Sunday, March 30, 2008

Notes on Schopenhauer 1.

Notes on The World as Will and Idea (WWI), Book 1.

Arthur Schopenhauer's The World as Will and Idea was first published in 1819, and its second edition in 1844. In 1963, three months before she began channeling Seth, Jane Roberts composed a piece of automatic writing with a similar title, "The Physical Universe As Idea Construction". This was to be the nucleus of the complete body of work later elaborated in her channeled and unchanneled writings.

There are some interesting parallels between Schopenhauer's philosophy and the Roberts/Seth material. Seth identifies the nature of being and consciousness as action, while Schopenhauer states that the nature of matter is action and causation, and that it, like time and space, is an idea of perception (consciousness). In a pre-Einsteinian intimation of the relativistic space-time continuum, he explains that time, space, matter and causality are all forms of the principle of sufficient reason, and that matter, or mass, is nothing other than the union of space and time. Seth explains how physical time and space flow from psychological time and space, the outer from the inner, while Schopenhauer describes time and space as categories of the "understanding", Verstand, and frameworks of "perception", Anschauung, which in German also means "intuition", "insight", "outlook" and "perspective".

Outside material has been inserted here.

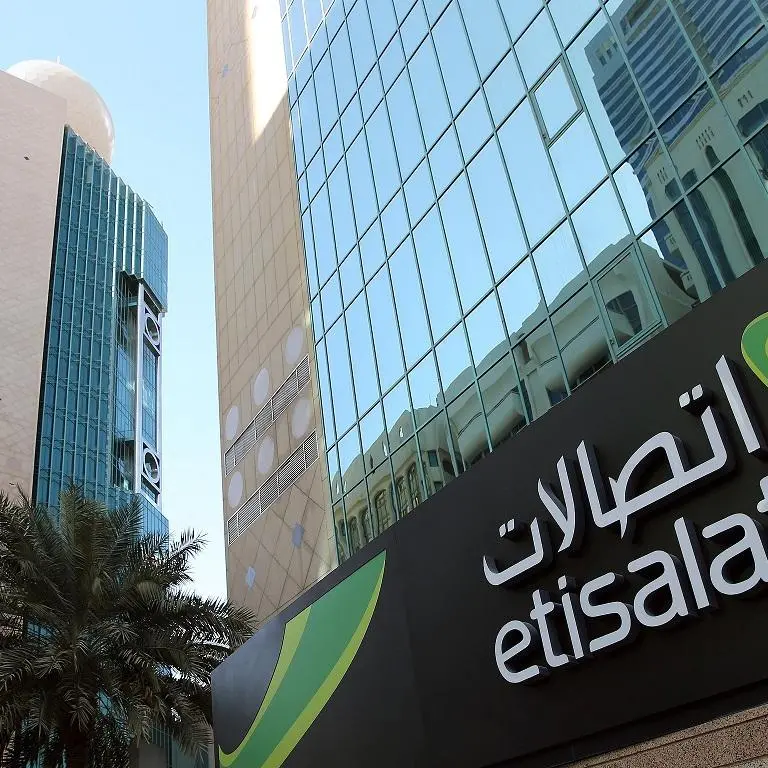 Etisalat completes acquisition of additional stake in EINA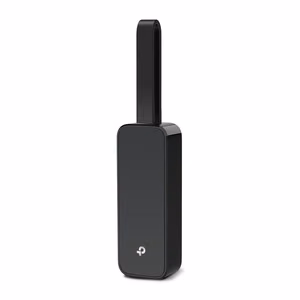 TP-Link USB 3.0 Gigabit Ethernet -verkkosovitin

The fact that all these meanings are carried by a single word in his language perhaps explains why he does not clearly distinguish between the inner and outer senses; it is often unclear whether he is referring to actual, external perceptions or to mental images. He certainly attributes things to Anschauung which go beyond mere sense-perception, such as solving physics problems and designing complex mechanical systems. The relationship between the terms is expressed thus:

"All intuitive perception [Anschauung] is intellectual, for without the understanding [Verstand] we could never achieve intuitive perception," thus implying a formal contribution of the brain to the Anschauung. In the second volume of his Die Welt als Wille und Vorstellung, Schopenhauer says that "perception is not only the source of all knowledge, but is itself knowledge... it alone is the unconditionally true genuine knowledge." We can interpret his use of the word Verstand to mean the operation undertaken by the brain and leading to the intuitive perception [Anschauung], since Schopenhauer tells us that "the forms underlying Verstand, the Verstand is a function of the brain." http://webexhibits.org/causesofcolor/1D.html


In comparison, Seth presents a detailed list of Inner Senses, which are fleshed out still further by Elias. These senses depend not upon the brain alone, but also upon nonphysical apects of the self, although they are received and processed through the brain.